On my travels yesterday I popped into Lidl ( wrong end of town so wouldn't usually shop there). Eventually found the "famous" rolls. Hadn't realised they were freshly baked, smelt delicious, bought four. Made a ham and cheese butty, loved it but was stuffed! I am going to halve them and freeze them. I can't believe they are only 8.5 grms of carbs. I might be dumping the ol' Burgen!


----------



## Stitch147 (Jun 17, 2016)

They are rather tasty, arent they. They are lovely wamred up for a few seconds in the microwave, I tend to have them mainly in the winter with some homemade butternut squash soup.


----------



## Ljc (Jun 17, 2016)

Sadly I don't have a lidl near me, but we may be getting one sometime in the future.


----------



## Stitch147 (Jun 17, 2016)

Mines about 30 mins walk from my house (so not too bad). I stock up and freeze them whenever i'm down there.


----------



## pottersusan (Jun 17, 2016)

I've just discovered and tried Waitrose Wheat & Wholemeal Spelt Sliced Bread with a variety of seeds. For breakfast it has less effect on me than Burgen and is a nice change


----------



## eggyg (Jun 17, 2016)

pottersusan said:


> I've just discovered and tried Waitrose Wheat & Wholemeal Spelt Sliced Bread with a variety of seeds. For breakfast it has less effect on me than Burgen and is a nice change


My nearest Waitrose is about 30 miles away, so unfortunately won't get a chance to try but sounds delicious!


----------



## chili (Jun 17, 2016)

Lidl rolls are my favorite i take one a day to work with tuna or ham, they go real quick in our store thankfully though they are made all day.


----------



## AndBreathe (Jun 17, 2016)

eggyg said:


> On my travels yesterday I popped into Lidl ( wrong end of town so wouldn't usually shop there). Eventually found the "famous" rolls. Hadn't realised they were freshly baked, smelt delicious, bought four. Made a ham and cheese butty, loved it but was stuffed! I am going to halve them and freeze them. I can't believe they are only 8.5 grms of carbs. I might be dumping the ol' Burgen!

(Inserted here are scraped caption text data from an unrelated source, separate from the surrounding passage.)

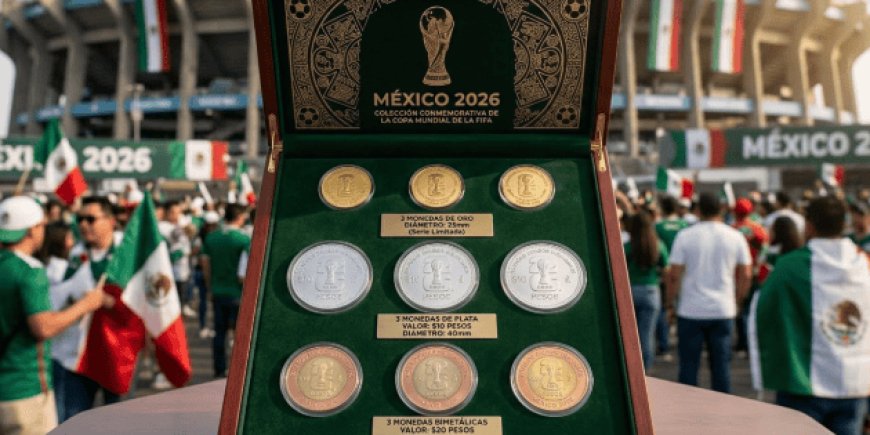 México acuñará monedas conmemorativas para el Mundial de Fútbol 2026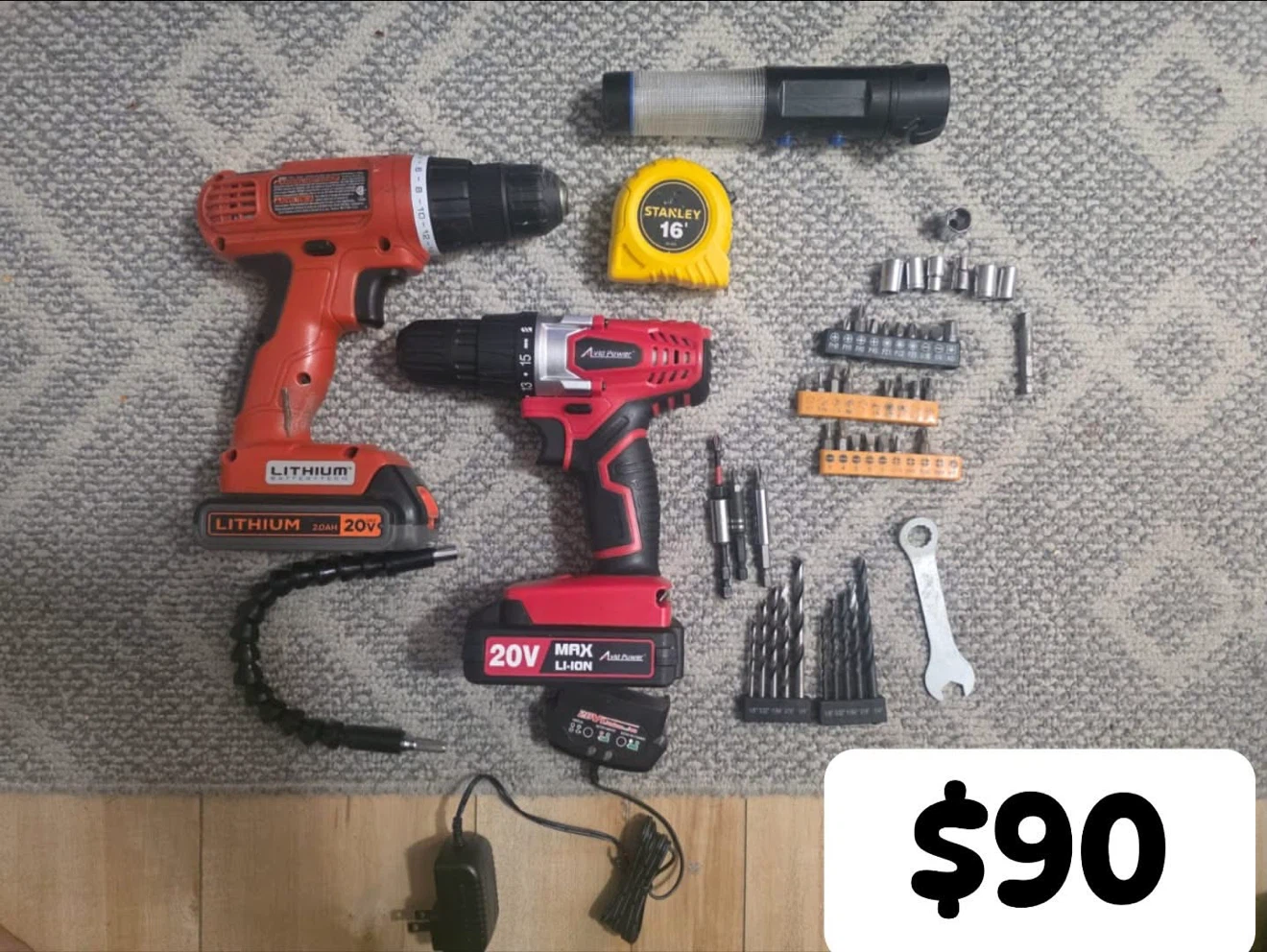 Black & Decker 20V Drill Set with Accessories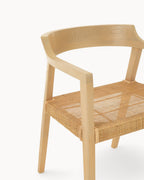 Emma Spisestuestol i Natur Teaktræ – Elegant Design, Robust og Komfortabel, Sædehøjde 45 cm 4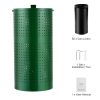 Dog Poop Trash Can with 50 Liner Bags, 11.5 Gallons Outdoor Dog Waste Bin with Lid & Liner Clip for Pet Waste Station, Dog Waste Disposal Container fo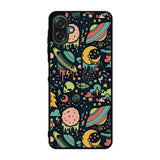Alien Space Pattern Samsung Galaxy A07 Case FE0023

I rarely have the rolls, but I think, from memory they're actually 8.5gr per 100gr, with each roll weighing slightly more than 100gr, so it's actually about 11gr per roll.  For me, that doesn't make a massive difference, but it might for some folks.


----------



## eggyg (Jun 17, 2016)

AndBreathe said:


> I rarely have the rolls, but I think, from memory they're actually 8.5gr per 100gr, with each roll weighing slightly more than 100gr, so it's actually about 11gr per roll.  For me, that doesn't make a massive difference, but it might for some folks.


I actually weighed a one last night because I thought they would be heavier, exactly 100 grms, mind you my scales are probably 30 years old! Still good at 11grms. though.


----------



## Carolg (Jun 17, 2016)

Stitch147 said:


> They are rather tasty, arent they. They are lovely wamred up for a few seconds in the microwave, I tend to have them mainly in the winter with some homemade butternut squash soup.


Mmm


----------



## Carolg (Jun 17, 2016)

Last time I had one I felt Like I had the metformin miseries, 
but keep meaning to try again. Addicted to the low gi multi seed cob though. Mmmmm


----------



## Austin Mini (Jun 17, 2016)

I found you had to chew a lot. Not for me I am sticking with crusty rolls.


----------